PHYSICS NEWS UPDATE
The American Institute of Physics Bulletin of Physics News
Number 825 May 23, 2007 by Phillip F. Schewe, Ben Stein
www.aip.org/pnu
SON ET LUMIERE, which in French means *sound and light,* is the
name
for popular nighttime outdoor shows in which pictures are projected
on the walls of famous buildings (in France and other countries)

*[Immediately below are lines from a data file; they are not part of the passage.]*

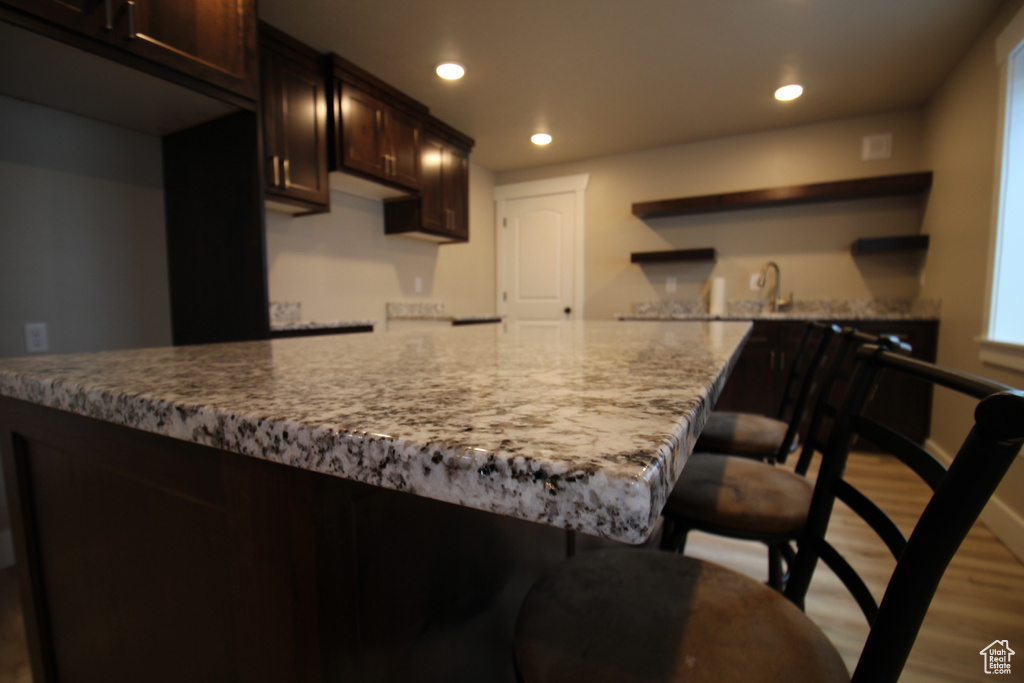 Kitchen featuring dark brown cabinets and hardwood / wood-style floors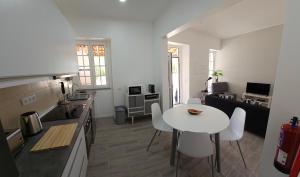 a kitchen with a white table and chairs in a room at Casa do Chafariz - Guest House in Cercal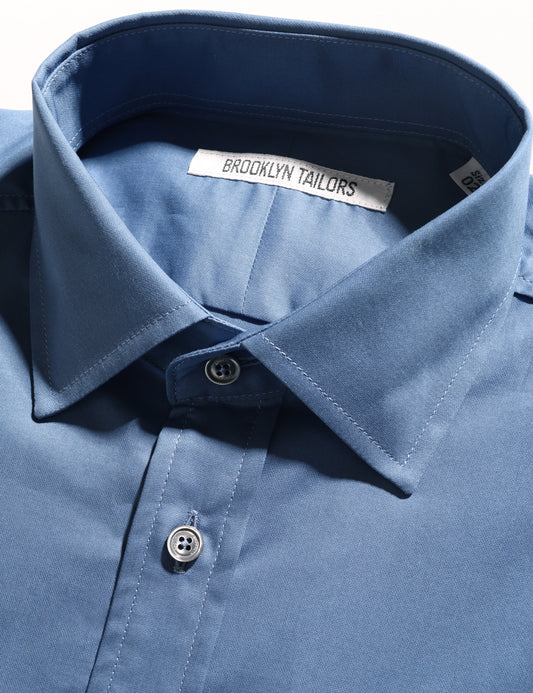 Detail shot of Brooklyn Tailors BKT20 Slim Dress Shirt in Smooth Pima Cotton - Delft Blue showing collar and buttons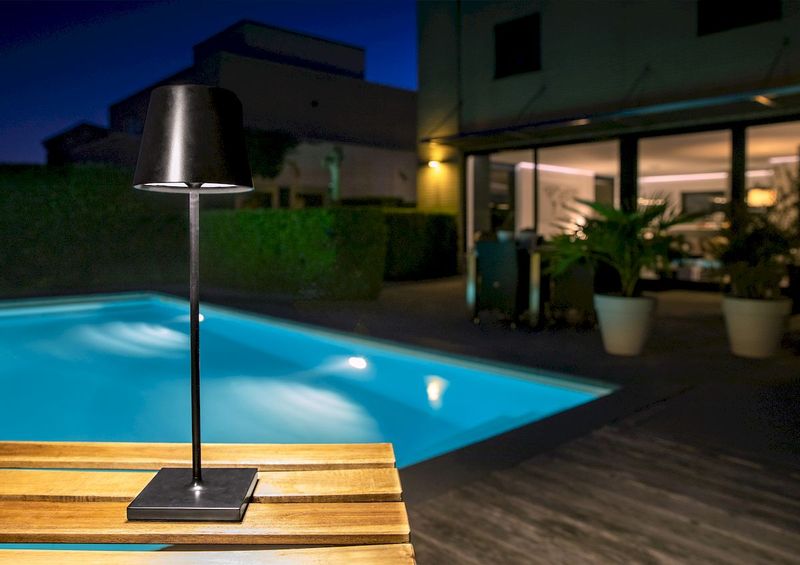 Lucide Justin led tafellamp - Zwart - op tuintafel bij zwembad
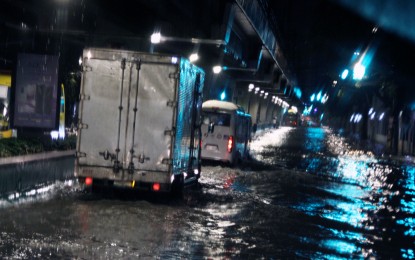 <p><strong>DOWNPOUR.</strong> Only large vehicles pass through the flooded Taft Avenue in Manila on Friday night (July 23, 2021). Heavy rains caused by the enhanced southwest monsoon drenched Metro Manila and many parts of Luzon for the past week. <em>(PNA photo by Jess Escaros Jr.)</em></p>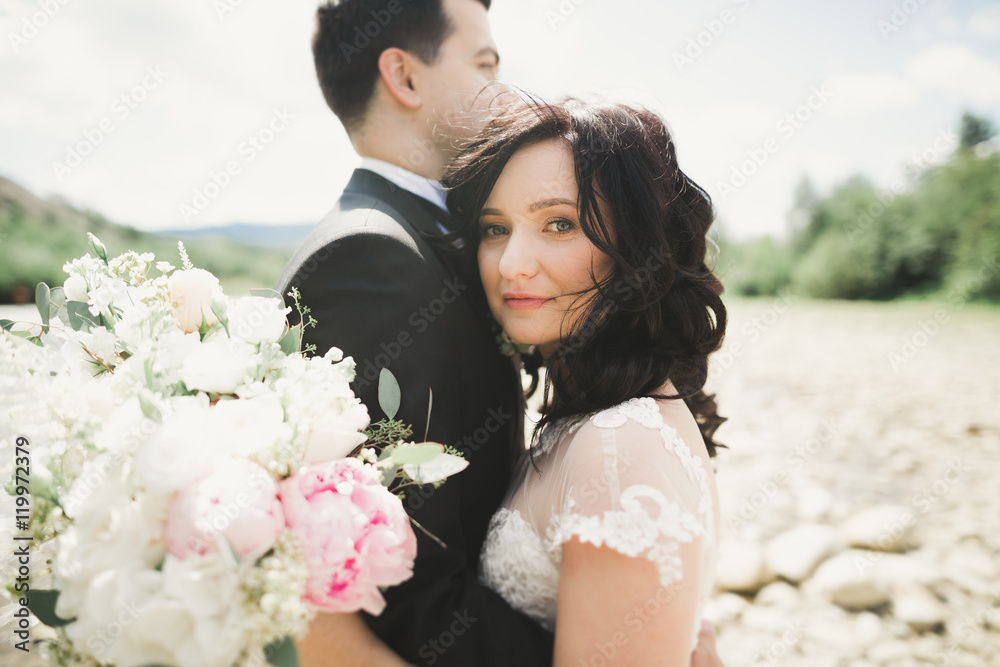 Close up portrait of couple against river and green trees. Beautiful young woman kissing handsome man outdoors Close up portrait of couple against river and green trees. Beautiful young woman kissing handsome man outdoors
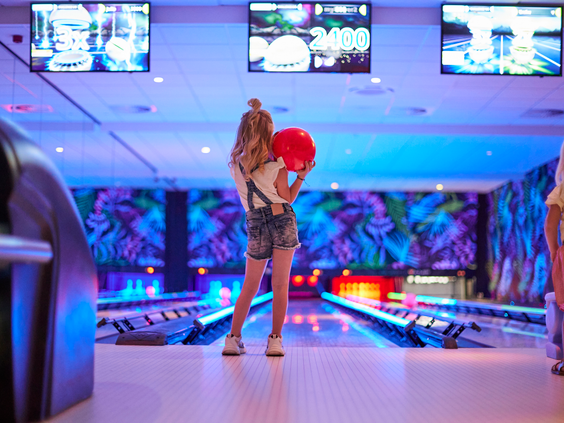 Een meisje staat klaar om een rode bowlingbal te gooien op een van de kleurrijk verlichte bowlingbanen op Recreatiepark De Leistert.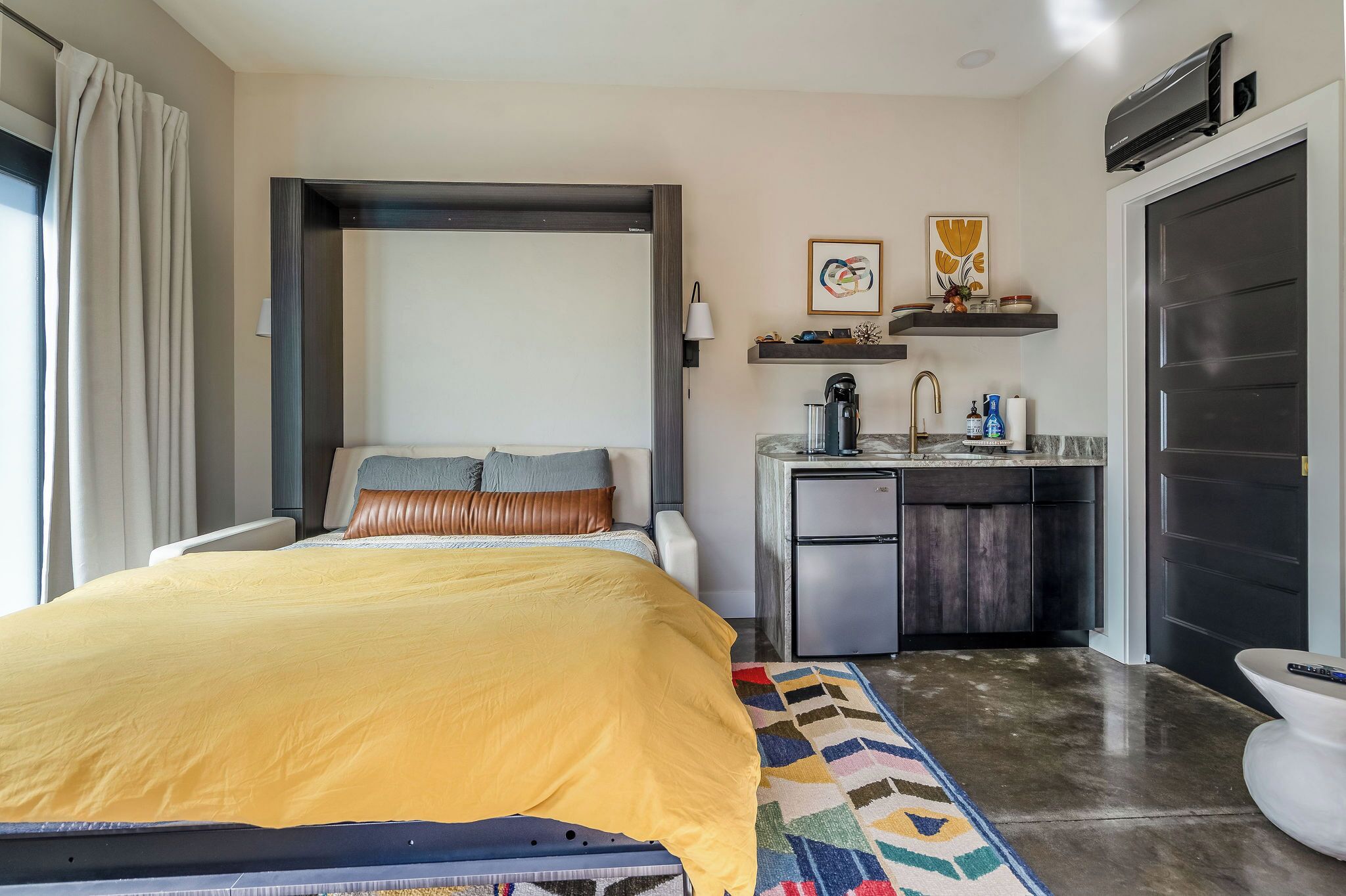 Une chambre d’hôtel moderne comprenant un lit, une petite kitchenette, une salle de bain et une vue sur l’extérieur.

accompanied by stories played out over loudspeakers. Now scientists
hope to make a miniature sound-and-light show in fibers with the
intention of producing not entertainment but ultrasensitive optical
switches or the means of transporting bits in future all-optical
computers. The new scheme being developed by scientists at
Ben-Gurion University and Tel Aviv University uses sound waves to
help slow light nearly to a halt under conditions (ordinary
materials at room temperature) more practicable than for most other
slow-light experiments.
Richard Tasgal ([EMAIL PROTECTED]) and his colleagues use as their
medium a so-called Bragg grating fiber; the UV-sensitive core of a
fiber is exposed through a mask to ultraviolet light. This
treatment changes the germanium-doped silica fiber core in periodic
way along its length so that the index of refraction varies
periodically. Light sent into such a fiber, and encountering a
regularly changing index of refraction, will reflect multiply, not
just at the ends but all along the fiber. A fiber with this
condition is sometimes referred to as a distributed mirror. If,
furthermore, the light beam is intense and the fiber material
possesses a nonlinear response to light, the net effect of light
wavelets propagating in the forward and backward direction can be a
light pulse traveling at speeds much less than the speed of light in
vacuum.
Here*s where the sound part comes in. Very intense light will cause
a slight bunching in the density of the fiber and this can create
sound waves. This process is enhanced when the light pulse is
traveling close to the speed of sound (around 5 km/s) in the
material, and recent work has shown this could be achieved. But the
enhancement can work both ways. A passing sound wave alters very
slightly the material*s index of refraction and this in turn can
result in a shortening and slowing of a passing light pulse-in this
case referred to as opto-acoustic solitons. Tasgal says that he and
his colleagues are the first to recognize the potential of sound
waves in slowing and processing light pulses in this way. The first
great difficulty in implementing the whole scheme is to getting
light pulses to enter and stay in a Bragg fiber in the first place
since the fiber looks at first just like one long mirror. This might
be achieved by gradually increasing the strength of the grating
along the fiber. (Tasgal, Band, Malomed, Physical Review Letters,
upcoming article)